Indeed, without receiving revelation, no one can fully understand Joseph Smith’s experiences or much of the other history and doctrine of the Church. Joseph Smith’s early revelations made it possible for him to say, “I have learned for myself” (JS—H 1:20). Sections six through nine of the Doctrine and Covenants 6–9 show how an early investigator, Oliver Cowdery, also came to know for himself the truth and importance of the work in which he and Joseph were engaged.
They show how everyone who is willing can come to know.
Doctrine and Covenants 6
Oliver Cowdery was a schoolteacher who boarded with Joseph Smith’s parents and their family near Palmyra. According to Lucy Mack Smith, Joseph’s mother, Oliver had not been in the Palmyra area long before “he began to hear about the plates from all quarters.” He pressed Joseph Smith’s father to tell him about them, and Joseph Sr. hesitated for some time before finally giving in. Oliver thought deeply about what he heard.

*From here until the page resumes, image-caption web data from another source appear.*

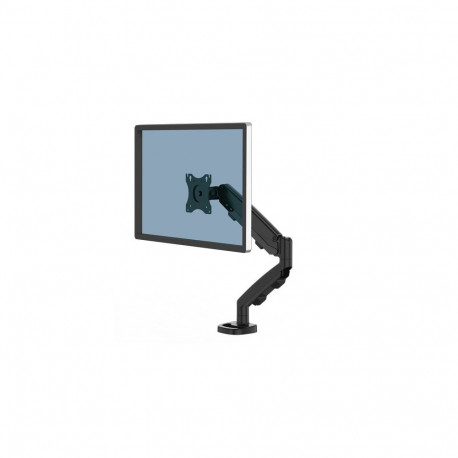 Fellowes Eppa 9683101 monitori alus 101,6 cm (40") lauapealne must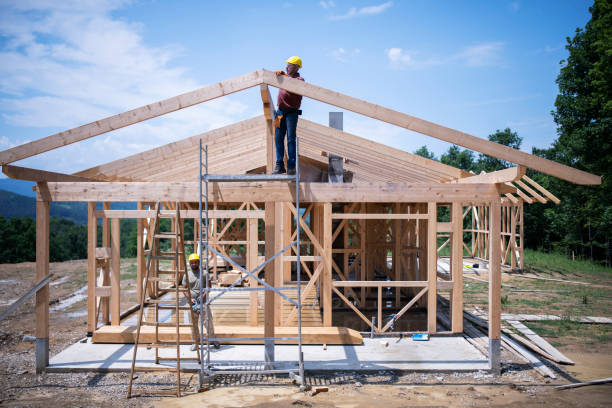 Quick and Trustworthy Emergency Roof Repair Services in Stockbridge, MI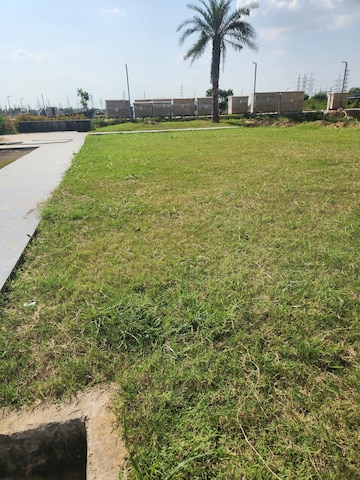  Plot – Garden View at JMS The Pearl, Sector 95 - for Sale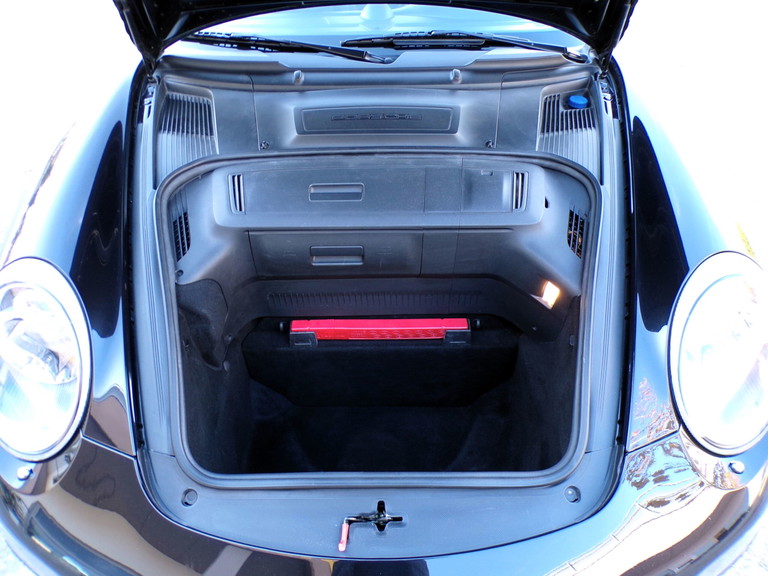 Porsche 997 Carrera S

Meanwhile, down in Harmony, Pennsylvania, Joseph and Emma were living near her parents, Isaac and Elizabeth Hale, and the situation was growing tense. The first few weeks after the Smiths moved to Harmony, they had lived with her parents in their home. Things had started off fine but took a turn for the worse when the topic of the gold plates came up. Like many a good father, Isaac Hale wanted his new son-in-law to get a real job and settle down to supporting his daughter. Isaac demanded to see the plates, and when Joseph said he couldn’t show them to him, Isaac ordered them removed from the house.

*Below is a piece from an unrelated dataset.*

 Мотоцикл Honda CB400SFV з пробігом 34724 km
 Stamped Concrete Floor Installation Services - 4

Things improved when Joseph and Emma went to live in a small farm home originally built for Emma’s brother on land purchased from Isaac. The land and home had since been sold back to Isaac, and he was willing to have Joseph live there with Emma and work the land.
In the agonizing days after the Book of Lehi manuscript disappeared, the Lord took the plates from Joseph. After months of sore repentance, Joseph received them again. But as the spring of 1829 approached, with the need to plow and sow, Joseph could not farm fulltime, as his father-in-law expected, and translate the plates, as the Lord commanded. What should he do?
During Joseph’s repentance period, the Lord taught him, “You should not have feared man more than God” (Doctrine and Covenants 3:7), and he commanded Joseph “to yield to the persuasions of men no more” (Doctrine and Covenants 5:21). Joseph knew what he must do. He must obey the Lord over Emma’s father. But he also knew the potential consequences. If he did not work the farm, his father-in-law might evict him from the house.
Joseph had to rely on the Lord, who promised, “I will provide means whereby thou mayest accomplish the things which I have commanded thee” (Doctrine and Covenants 5:34). “We had become reduced in property,” Joseph wrote in his 1832 history, “and my wives father was about to turn me out of doores.” Joseph did not know where they would go if that happened. And he had another problem. If he was going to make serious progress in translating, he needed a fulltime scribe. “I cried unto the Lord,” Joseph resolved, “that he would provide for me to accomplish the work whereunto he had commanded me.”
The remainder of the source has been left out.